[Start of section]

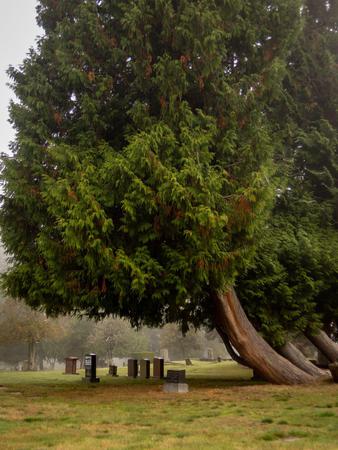 Images Mt Pleasant Cemetery
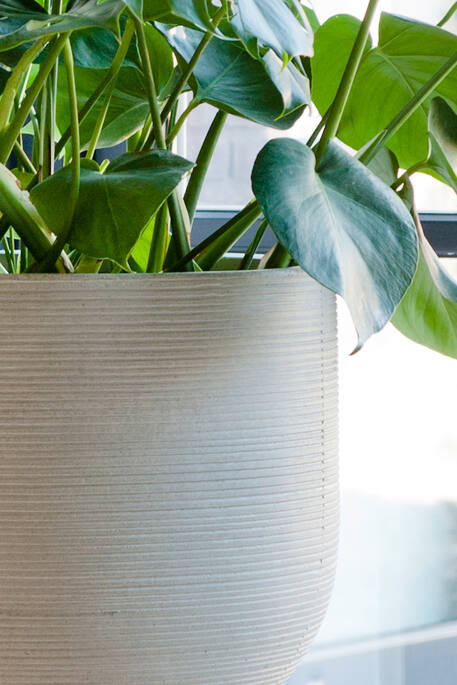 Pottery Pots - Bloempot Cody M, Lichtgrijs Ø35 cm
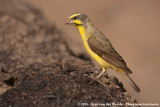 Yellow-Fronted Canary<br><i>Serinus mozambicus caniceps</i>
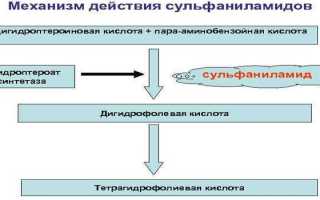 Сульфаниламидные препараты — механизм действия и показания к применению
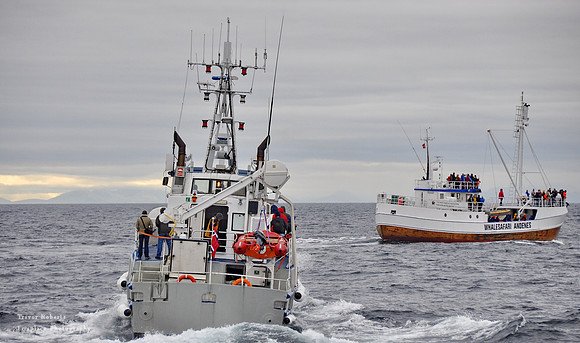 Whale watching at Andenes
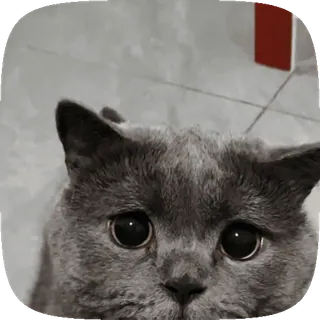 🐱 cat, animal, domestic, pet, grey cat, cute, domestic animal telegram sticker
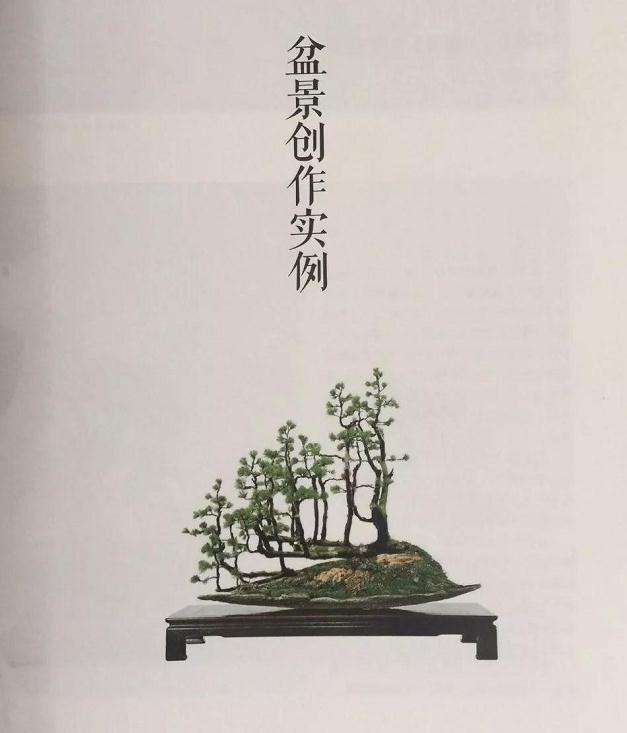 赵庆泉老师的新书《盆景创作笔记》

[End of section]

Assignment -> Output an exact copy of the lines from the one with "animal telegram sticker" through the closing line of the records, inclusive, without any images.

Reply to the exercise ->
 🐱 cat, animal, domestic, pet, grey cat, cute, domestic animal telegram sticker
 赵庆泉老师的新书《盆景创作笔记》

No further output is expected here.